Here Middleton describes the way Lake Powell was used as the setting for the movie Planet of the Apes and how this human created lake is already a symbol for “elsewhere”, a strangely concocted version of a place. Further this section is highly enjambed which reflects the constant filling of the lake and the way it transforms the place it occupies. Middleton writes this section as if it is addressed to the river, however she does not forget that this is an experience that has multiple narrators and follows this with a section from the point of view of the river itself where:

laden till the dam        River slows

restless body walled calling stilled

and quiet       River near to silence

 

yet sotto voce    lapping, never silent                 (59)

Here the agency of the river is recognised as even while the river is dammed it nevertheless is not a passive entity.

As a long poem Middleton’s Ephemeral Waters is well suited to depicting the Colorado River. The poem deviates and repeats like a river, but it also always flows onwards. Significantly, though, Middleton never tries to colonise the river by making it a poem or pretending to speak for it.
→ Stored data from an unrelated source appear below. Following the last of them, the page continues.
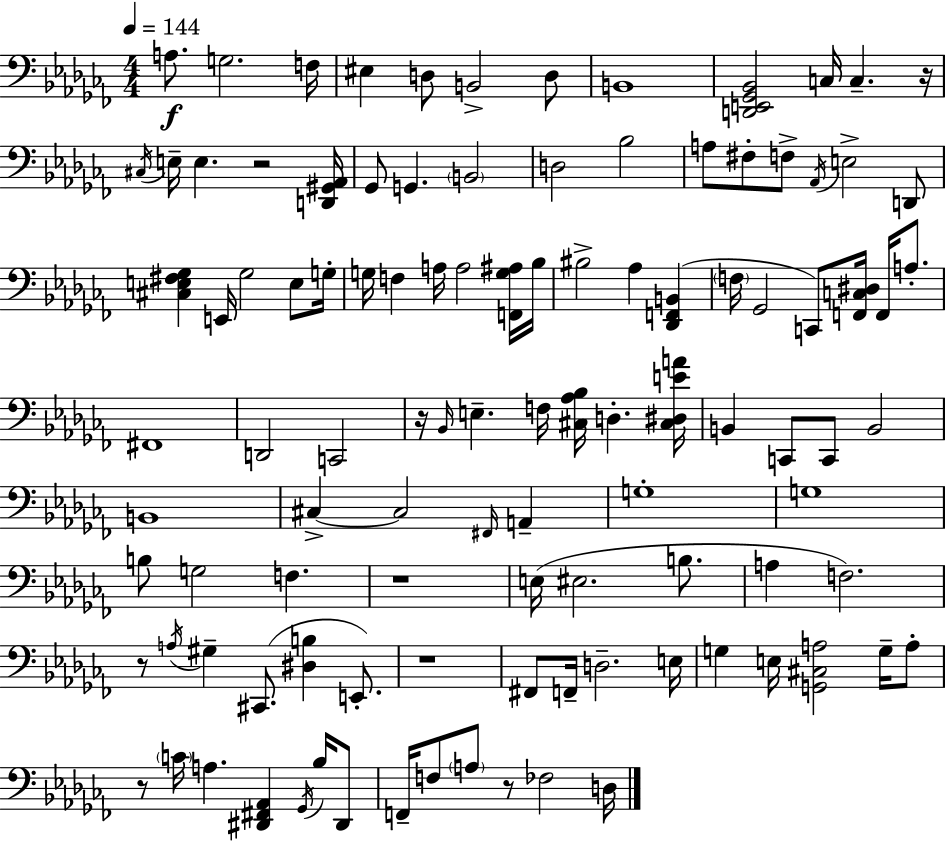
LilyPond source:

{
  \clef bass
  \numericTimeSignature
  \time 4/4
  \key aes \minor
  \tempo 4 = 144
  \repeat volta 2 { a8.\f g2. f16 | eis4 d8 b,2-> d8 | b,1 | <d, e, ges, bes,>2 c16 c4.-- r16 | \break \acciaccatura { cis16 } e16-- e4. r2 | <d, gis, aes,>16 ges,8 g,4. \parenthesize b,2 | d2 bes2 | a8 fis8-. f8-> \acciaccatura { aes,16 } e2-> | \break d,8 <cis e fis ges>4 e,16 ges2 e8 | g16-. g16 f4 a16 a2 | <f, g ais>16 bes16 bis2-> aes4 <des, f, b,>4( | \parenthesize f16 ges,2 c,8) <f, c dis>16 f,16 a8.-. | \break fis,1 | d,2 c,2 | r16 \grace { bes,16 } e4.-- f16 <cis aes bes>16 d4.-. | <cis dis e' a'>16 b,4 c,8 c,8 b,2 | \break b,1 | cis4->~~ cis2 \grace { fis,16 } | a,4-- g1-. | g1 | \break b8 g2 f4. | r1 | e16( eis2. | b8. a4 f2.) | \break r8 \acciaccatura { a16 } gis4-- cis,8.( <dis b>4 | e,8.-.) r1 | fis,8 f,16-- d2.-- | e16 g4 e16 <g, cis a>2 | \break g16-- a8-. r8 \parenthesize c'16 a4. <dis, fis, aes,>4 | \acciaccatura { ges,16 } bes16 dis,8 f,16-- f8 \parenthesize a8 r8 fes2 | d16 } \bar "|."
}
Rather she lets her poem exist alongside the river as part of its environment, as a stream of words that take as their inspiration a river and pass this movement on to the reader.

Kate Middleton, Ephemeral Waters. Artarmon, N.S.W.: Giramondo Publishing Company, 2013. ISBN 9781922146489

Notes

[1] Maureen Devine and Christa Grewe-Volpp, “Introduction”, in Words on Water: Literary and Cultural Representations (Trier: Wissenschaftlicher Verlag, 2008), 3.

Published: April 2024
Rosalind McFarlane

is a doctoral candidate with Monash University having previously studied at the University of Western Australia. Her critical work engages with ideas of place, contemporary Asian Australian poetry and depictions of water. She also publishes creative work and is currently part of a collaborative project being written with Siobhan Hodge entitled Speaking Geographies.